Validating the cluster installation
Elasticsearch cluster validation
First, make sure you check all the logs of all the Elasticsearch cluster nodes and that there are no errors, especially errors or warnings about node to node communication. If you see any messages about trouble finding master (see troubleshooting section below), there is probably a problem with the installation.
You can then check the status of the Elasticsearch cluster by accessing the following URL:
http://ES_NODE_IP_ADDRESS:9200/_cat/health?v
You should see a green status. If not, check your installation because something is not set up correctly.
jCustomer cluster validation
First, check the logs in the data/logs directory and make sure there are no errors. If you find any errors, you should check your setup and fix any problems before going any further.
You can then perform the following request to test the status of the jCustomer cluster:
https://UNOMI_NODE_IP_ADDRESS:9443/cxs/cluster
If you get a warning about the site certificate that is normal because by default jCustomer ships with a self-signed certificate (which you should replace with your own once going in production). You will be prompted for a user name and password (by default karaf/karaf which you should also change for any permanent installation). If everything went well, you should get back a JSON structure indicating the active nodes in the cluster. Make sure that everything looks right before continuing the cluster install.
Cluster troubleshooting
In jCustomer, you might want to look at the cluster command lines available in Apache Karaf. Depending on how you launched Karaf, you may either use them directly on the console, or through an SSH connection to the server. To connect through SSH simply do:
ssh –p 8102 karaf@unomi
The default password is "karaf". You should really change the default password upon installation by modifying the <jcustomer-install-dir>/etc/unomi.custom.system.properties
file and changing the value for the org.apache.unomi.security.root.password
property . To get a list of available commands, simply type on the command line:
help
In order to monitor the state of your jCustomer Elasticsearch Cluster, 2 URLs are quite useful: http://localhost:9200/_cluster/health?pretty
: This command retrieves the health of your Elasticsearch cluster (green is good). If you face communication issues between your cluster nodes, it will be orange or red.
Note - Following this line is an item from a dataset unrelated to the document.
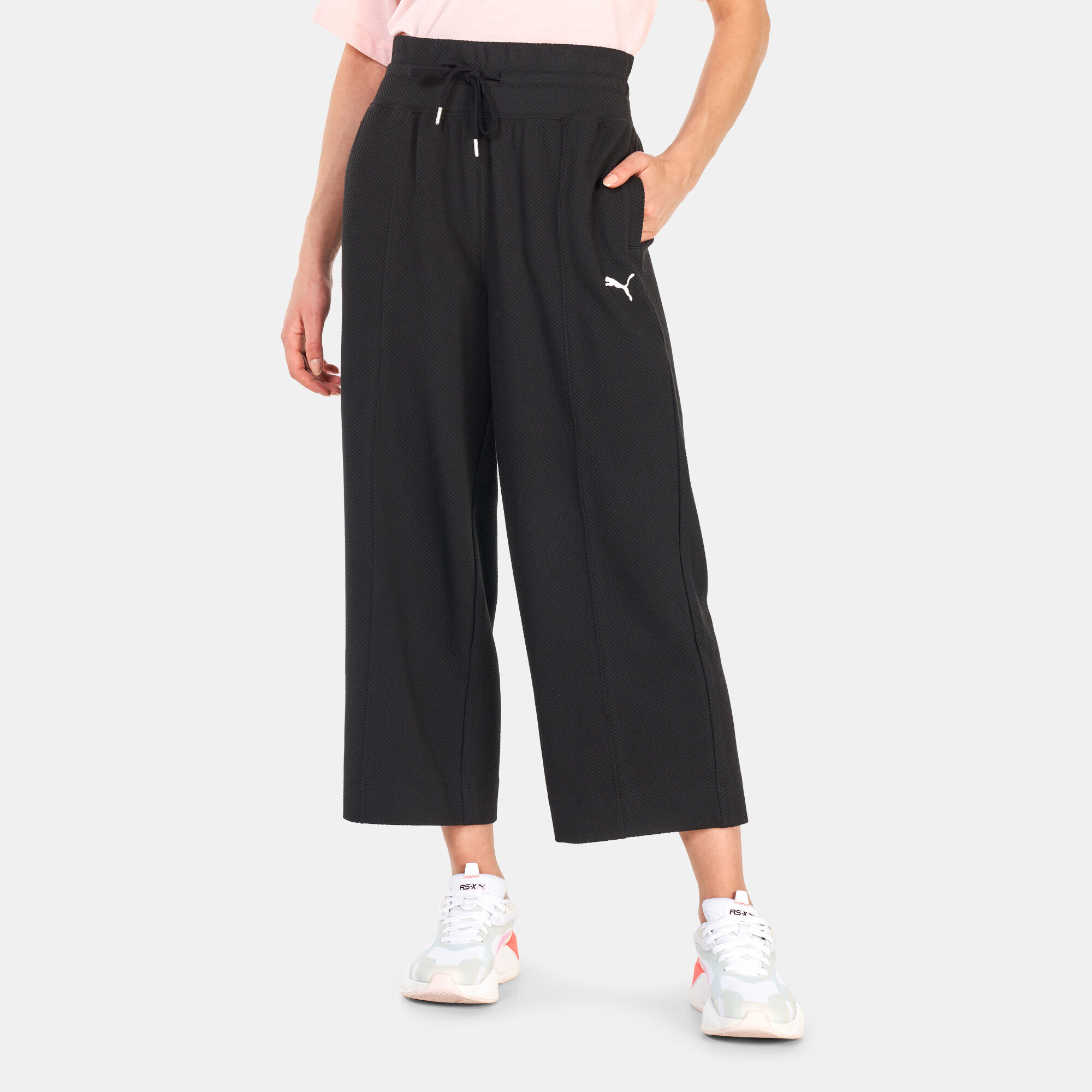 Puma classics new arrivals 3/4 black culottes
Make sure that all the nodes of your cluster are started in order to get a better idea of your cluster health. https://UNOMI_NODE_IP_ADDRESS:9443/cxs/cluster
: This command gives you a detailed state of your jCustomer node in the cluster.
Caused by: org.elasticsearch.action.UnavailableShardsException: [context][1] Not enough active copies to meet write consistency of [QUORUM] (have 1, needed 2). Timeout: [1m], request: index
[2017-02-08T10:15:23,571][WARN ][o.e.d.z.ElectMasterService] [RlyE1OZ] value for setting "discovery.zen.minimum_master_nodes" is too low. This can result in data loss! Please set it to at least a quorum of master-eligible nodes (current value: [-1], total number of master-eligible nodes used for publishing in this round: [2])
This happens if the cluster could not find enough nodes that are master eligible. Please note that when this warning appears queries to Elasticsearch will not work properly and so this problem should be resolved before setting up jExperience on top of jCustomer. Please refer directly to Elasticsearch documentation for more information: https://www.elastic.co/guide/en/elasticsearch/reference/current/modules-discovery-zen.html
Apache HTTP server setup
Here is an example of how to setup an Apache HTTP server to add as a load-balancer in front of 3 jCustomer nodes:
<IfModule mod_ssl.c>
<VirtualHost *:443>
ServerName unomi.acme.com
ServerAdmin monitor@acme.com
DocumentRoot /var/www/html
CustomLog /var/log/apache2/access-unomi.acme.com.log combined
ErrorLog /var/log/apache2/error-unomi.acme.com.log
<Directory />
Options FollowSymLinks
AllowOverride None
</Directory>
<Directory /var/www/html>
Options FollowSymLinks MultiViews
AllowOverride None
Order allow,deny
allow from all
</Directory>
<Location /cxs>
#localhost subnet, add your own IPs for your Jahia servers here or jExperience might not work properly.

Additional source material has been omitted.